When trading on the news, every Singapore Forex trader must follow certain steps in order to make his trading organized and profitable. There are 3 main stages that every trader must remember. Before you start trading you need to find out the exact time of the news release and what type of financial news it is.
The first stage. This stage takes place before the news release. We check where USD is moving during this time and read the analysts’ forecasts that are helping us approximately estimate what we can expect from the news and the market. For example, if you expect high inflation in the USA, it’s bad for the USD and it is likely to fall. In this case you will open a sale position. If the expectations are good for the USA we buy USD.
Second stage. The Second stage starts approximately half an hour before the news release. It is better to close the previously open positions or, in extreme cases, to put the stop-losses as the market might become very chaotic and unpredictable by this time. The Second stage in the Forex news trading is relevant in case if you have open positions before the news release, if not – go to the third stage.
If you think your nerves can not withstand the stress of the price movement against your position, you don’t have to trade at the moment, just watch the market and get moral satisfaction.
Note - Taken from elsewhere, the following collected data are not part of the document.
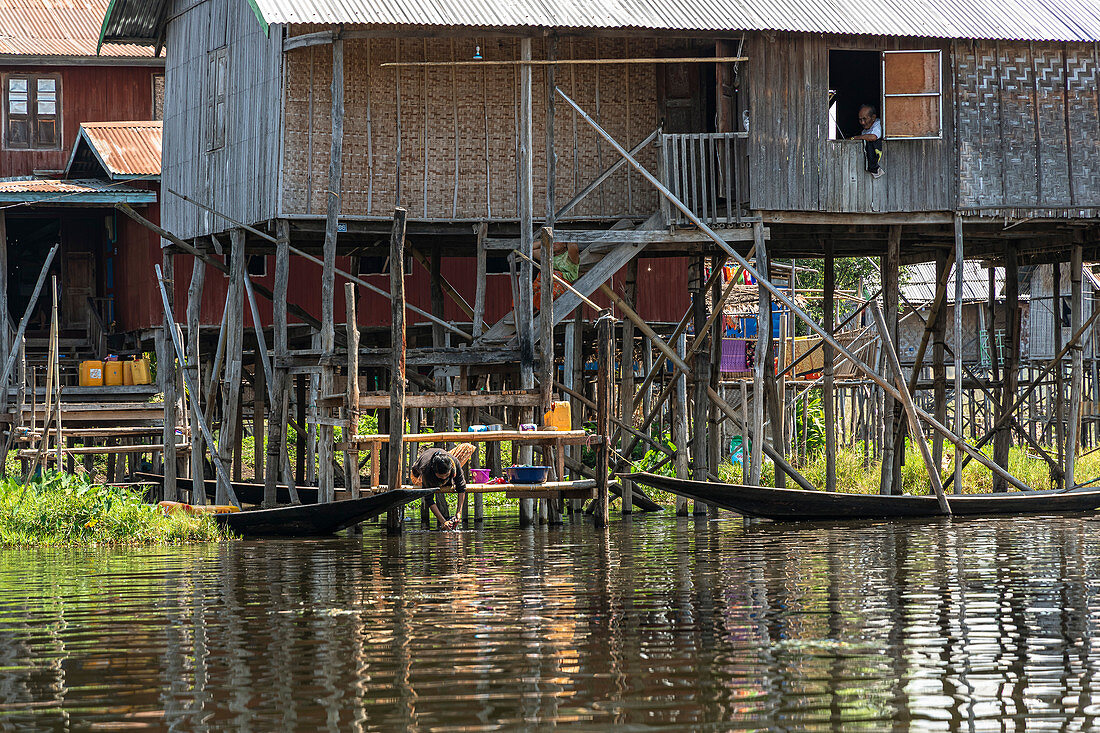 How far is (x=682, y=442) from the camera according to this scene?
1975 cm

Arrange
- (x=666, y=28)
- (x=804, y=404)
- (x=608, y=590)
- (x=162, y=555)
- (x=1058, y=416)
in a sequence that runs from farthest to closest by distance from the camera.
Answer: (x=804, y=404) → (x=1058, y=416) → (x=666, y=28) → (x=162, y=555) → (x=608, y=590)

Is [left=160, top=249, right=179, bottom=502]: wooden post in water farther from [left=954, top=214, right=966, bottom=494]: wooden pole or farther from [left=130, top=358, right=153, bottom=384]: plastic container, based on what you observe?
[left=954, top=214, right=966, bottom=494]: wooden pole

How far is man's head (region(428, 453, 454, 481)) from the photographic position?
16.1 m

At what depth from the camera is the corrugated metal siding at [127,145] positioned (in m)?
23.6

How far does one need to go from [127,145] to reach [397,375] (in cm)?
1068

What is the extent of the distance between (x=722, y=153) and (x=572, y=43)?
7.90 ft

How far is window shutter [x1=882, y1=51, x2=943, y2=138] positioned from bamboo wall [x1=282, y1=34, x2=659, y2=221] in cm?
300

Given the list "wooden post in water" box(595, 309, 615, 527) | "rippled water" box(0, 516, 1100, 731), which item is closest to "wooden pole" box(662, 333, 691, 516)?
"wooden post in water" box(595, 309, 615, 527)

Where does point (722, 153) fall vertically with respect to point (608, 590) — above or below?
above

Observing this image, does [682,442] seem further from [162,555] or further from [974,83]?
[162,555]

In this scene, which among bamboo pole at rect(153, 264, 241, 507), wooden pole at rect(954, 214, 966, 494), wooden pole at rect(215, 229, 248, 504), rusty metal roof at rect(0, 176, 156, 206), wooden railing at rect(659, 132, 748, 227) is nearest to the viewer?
wooden pole at rect(954, 214, 966, 494)

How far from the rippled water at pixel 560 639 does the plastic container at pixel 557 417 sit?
2.40 metres

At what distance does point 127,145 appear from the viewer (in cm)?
2450

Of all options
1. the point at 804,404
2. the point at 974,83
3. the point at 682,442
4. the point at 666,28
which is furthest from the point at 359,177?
the point at 804,404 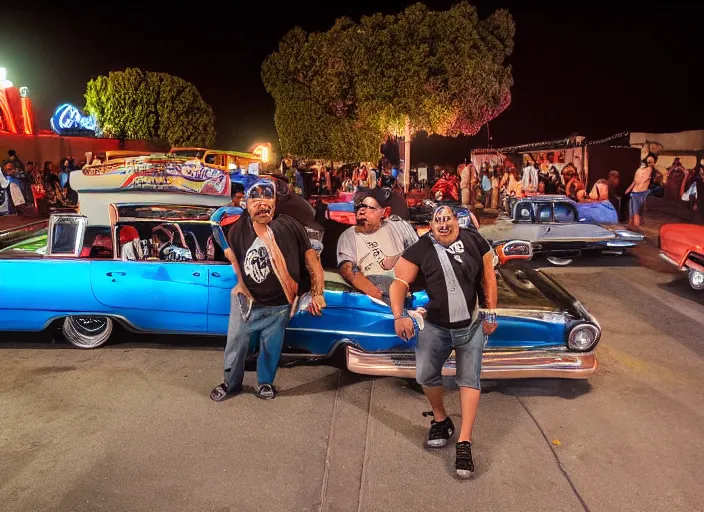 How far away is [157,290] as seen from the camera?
4.88m

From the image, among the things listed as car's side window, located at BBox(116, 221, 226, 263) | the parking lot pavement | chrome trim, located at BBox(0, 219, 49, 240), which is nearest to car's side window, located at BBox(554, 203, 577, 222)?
the parking lot pavement

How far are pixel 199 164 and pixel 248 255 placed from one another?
1.88m

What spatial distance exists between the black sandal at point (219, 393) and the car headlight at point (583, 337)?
2.58m

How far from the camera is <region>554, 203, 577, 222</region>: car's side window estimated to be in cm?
960

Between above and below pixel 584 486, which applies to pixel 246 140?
above

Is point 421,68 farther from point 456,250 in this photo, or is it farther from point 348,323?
point 456,250

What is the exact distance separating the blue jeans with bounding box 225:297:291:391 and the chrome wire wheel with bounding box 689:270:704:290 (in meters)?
6.06

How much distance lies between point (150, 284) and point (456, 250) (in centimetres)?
280

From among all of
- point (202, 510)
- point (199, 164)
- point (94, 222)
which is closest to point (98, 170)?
point (94, 222)

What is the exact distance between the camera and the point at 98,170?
205 inches

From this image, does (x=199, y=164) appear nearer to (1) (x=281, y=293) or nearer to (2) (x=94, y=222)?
Result: (2) (x=94, y=222)

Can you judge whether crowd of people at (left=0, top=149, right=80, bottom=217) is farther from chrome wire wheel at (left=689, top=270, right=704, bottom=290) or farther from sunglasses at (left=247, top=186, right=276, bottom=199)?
chrome wire wheel at (left=689, top=270, right=704, bottom=290)

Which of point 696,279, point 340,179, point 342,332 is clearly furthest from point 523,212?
point 340,179

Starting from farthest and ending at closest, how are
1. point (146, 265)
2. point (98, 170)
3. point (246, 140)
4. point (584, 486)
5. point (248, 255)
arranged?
point (246, 140), point (98, 170), point (146, 265), point (248, 255), point (584, 486) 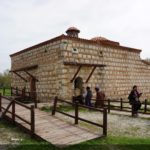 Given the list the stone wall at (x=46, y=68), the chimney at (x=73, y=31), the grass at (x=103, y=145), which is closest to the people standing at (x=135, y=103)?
the grass at (x=103, y=145)

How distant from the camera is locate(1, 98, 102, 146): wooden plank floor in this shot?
7.98m

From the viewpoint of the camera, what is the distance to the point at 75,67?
55.0 feet

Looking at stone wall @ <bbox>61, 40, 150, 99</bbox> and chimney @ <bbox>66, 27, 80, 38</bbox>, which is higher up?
chimney @ <bbox>66, 27, 80, 38</bbox>

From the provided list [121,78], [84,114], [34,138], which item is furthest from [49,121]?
[121,78]

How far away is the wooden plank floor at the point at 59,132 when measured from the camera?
7.98 metres

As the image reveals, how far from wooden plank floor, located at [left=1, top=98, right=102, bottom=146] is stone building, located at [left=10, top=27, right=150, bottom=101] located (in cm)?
575

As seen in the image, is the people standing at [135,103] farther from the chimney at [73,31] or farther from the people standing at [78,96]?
the chimney at [73,31]

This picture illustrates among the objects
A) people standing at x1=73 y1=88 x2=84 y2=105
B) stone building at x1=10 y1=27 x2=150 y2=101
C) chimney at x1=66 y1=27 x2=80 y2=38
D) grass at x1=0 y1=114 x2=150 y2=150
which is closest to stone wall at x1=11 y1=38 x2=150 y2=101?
stone building at x1=10 y1=27 x2=150 y2=101

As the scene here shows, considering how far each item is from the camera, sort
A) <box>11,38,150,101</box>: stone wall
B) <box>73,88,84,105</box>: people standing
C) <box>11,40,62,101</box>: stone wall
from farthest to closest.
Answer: <box>11,40,62,101</box>: stone wall → <box>11,38,150,101</box>: stone wall → <box>73,88,84,105</box>: people standing

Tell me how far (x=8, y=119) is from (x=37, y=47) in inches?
345

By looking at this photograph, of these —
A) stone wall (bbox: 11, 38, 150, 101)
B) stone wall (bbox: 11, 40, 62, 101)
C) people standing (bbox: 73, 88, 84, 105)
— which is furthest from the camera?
stone wall (bbox: 11, 40, 62, 101)

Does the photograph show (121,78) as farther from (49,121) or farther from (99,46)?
(49,121)

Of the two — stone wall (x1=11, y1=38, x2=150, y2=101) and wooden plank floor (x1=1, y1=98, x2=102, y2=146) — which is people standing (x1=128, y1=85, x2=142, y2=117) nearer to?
wooden plank floor (x1=1, y1=98, x2=102, y2=146)

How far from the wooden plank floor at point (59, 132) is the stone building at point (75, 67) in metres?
5.75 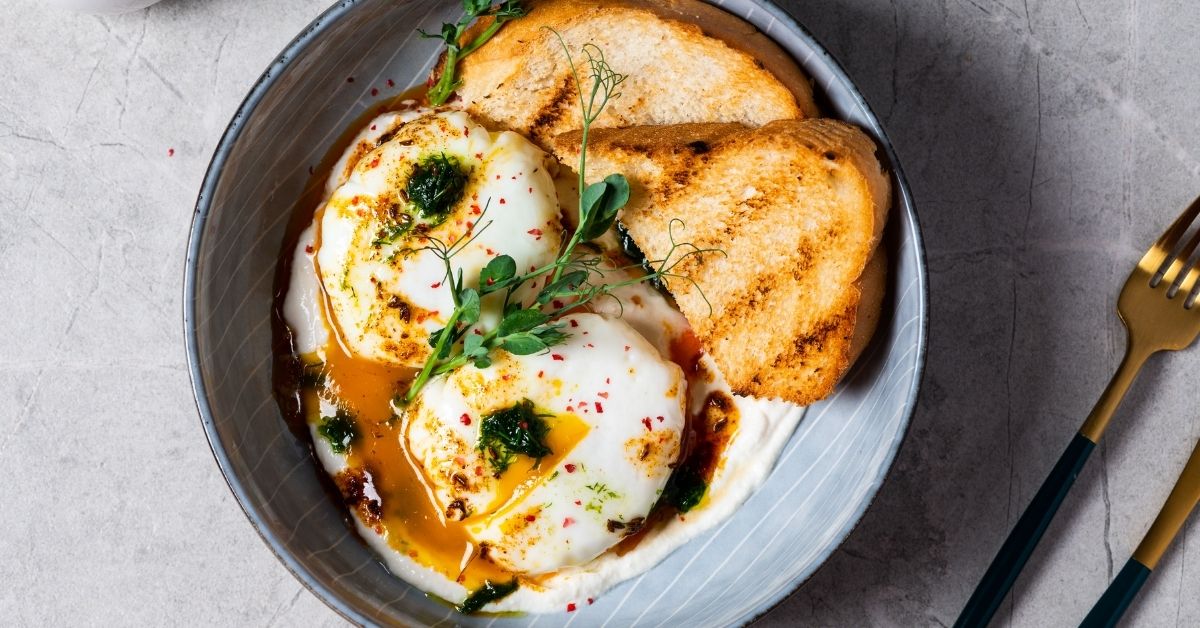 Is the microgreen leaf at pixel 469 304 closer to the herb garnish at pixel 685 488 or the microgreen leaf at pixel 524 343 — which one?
the microgreen leaf at pixel 524 343

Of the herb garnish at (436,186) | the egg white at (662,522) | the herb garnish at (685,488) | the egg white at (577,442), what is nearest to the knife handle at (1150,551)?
the egg white at (662,522)

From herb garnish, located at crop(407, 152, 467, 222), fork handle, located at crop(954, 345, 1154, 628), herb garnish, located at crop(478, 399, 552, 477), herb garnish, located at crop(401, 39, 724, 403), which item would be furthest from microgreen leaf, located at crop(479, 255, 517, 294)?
fork handle, located at crop(954, 345, 1154, 628)

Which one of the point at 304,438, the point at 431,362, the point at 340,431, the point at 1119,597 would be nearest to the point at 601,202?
the point at 431,362

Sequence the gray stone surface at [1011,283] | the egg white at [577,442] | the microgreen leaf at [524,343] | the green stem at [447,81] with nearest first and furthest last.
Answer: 1. the microgreen leaf at [524,343]
2. the egg white at [577,442]
3. the green stem at [447,81]
4. the gray stone surface at [1011,283]

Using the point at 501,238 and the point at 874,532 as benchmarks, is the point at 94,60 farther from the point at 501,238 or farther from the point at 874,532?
the point at 874,532

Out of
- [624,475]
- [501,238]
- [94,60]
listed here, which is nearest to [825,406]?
[624,475]

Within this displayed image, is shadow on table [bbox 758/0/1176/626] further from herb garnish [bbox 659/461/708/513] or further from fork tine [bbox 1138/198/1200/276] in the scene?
herb garnish [bbox 659/461/708/513] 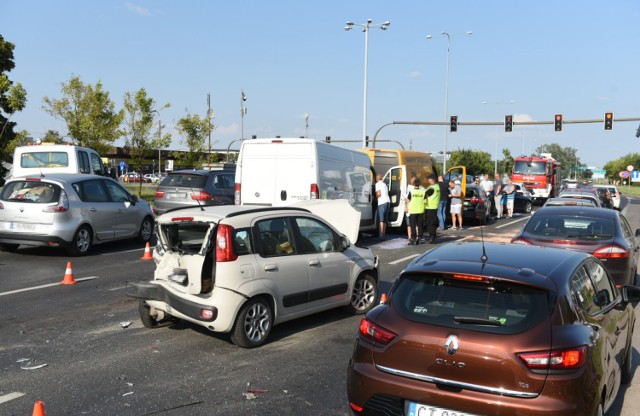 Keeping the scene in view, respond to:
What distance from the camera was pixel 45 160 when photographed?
55.3ft

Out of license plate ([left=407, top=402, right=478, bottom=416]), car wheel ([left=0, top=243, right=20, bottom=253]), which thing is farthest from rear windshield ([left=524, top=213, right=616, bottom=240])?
car wheel ([left=0, top=243, right=20, bottom=253])

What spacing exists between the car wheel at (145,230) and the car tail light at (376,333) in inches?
426

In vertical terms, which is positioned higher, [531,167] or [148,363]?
[531,167]

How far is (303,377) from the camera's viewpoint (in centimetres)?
538

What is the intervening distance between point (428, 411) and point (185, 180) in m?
13.9

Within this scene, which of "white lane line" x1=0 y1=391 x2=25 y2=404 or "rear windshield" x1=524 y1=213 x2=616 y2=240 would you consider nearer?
"white lane line" x1=0 y1=391 x2=25 y2=404

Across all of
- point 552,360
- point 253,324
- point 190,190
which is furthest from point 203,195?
point 552,360

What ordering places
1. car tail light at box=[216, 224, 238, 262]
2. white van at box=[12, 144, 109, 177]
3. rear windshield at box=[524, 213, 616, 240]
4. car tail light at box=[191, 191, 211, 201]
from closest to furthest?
car tail light at box=[216, 224, 238, 262], rear windshield at box=[524, 213, 616, 240], car tail light at box=[191, 191, 211, 201], white van at box=[12, 144, 109, 177]

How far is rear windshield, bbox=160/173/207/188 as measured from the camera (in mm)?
16359

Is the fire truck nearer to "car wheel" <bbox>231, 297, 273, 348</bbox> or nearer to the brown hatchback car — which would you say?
"car wheel" <bbox>231, 297, 273, 348</bbox>

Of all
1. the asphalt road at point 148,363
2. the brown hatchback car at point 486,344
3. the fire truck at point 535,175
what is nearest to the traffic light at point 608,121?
the fire truck at point 535,175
Forex will be here tomorrow and a month later. But you should be ready for it. Meanwhile you can look at the Forex market’s movements and practice using a paper and your Forex demo account.
And finally, the third stage. This is the news release time and we are looking for the right moment to open a trading position. For example the news released show that the USA inflation is going to grow, and the markets stat moving. (EUR/USD is moving up and USD/JPY is moving down). Do not rush to enter the market during the first seconds or even minutes after the news release. Open your trading position if you think that the price will continue to move that direction. If the market keeps moving your direction and you are making profit, pull your stop-loss after the market, keeping in mind that there will be some corrections of the trend. Thus, you will not close your position too early and will make good profits.
Sounds simple, isn’t it? But this is an “ideal scenario”. The reality may be different. Often the market “shakes” a lot before it takes one direction and this is a very dangerous time for a Forex trader to enter the market.
Use this strategy very carefully and only after practicing on a demo account. Calculate the lot size, as well as your psychological situation. The Forex news trading strategy may give you high profits, but you must be careful and practice a lot. We wish you positive emotions and good market movements!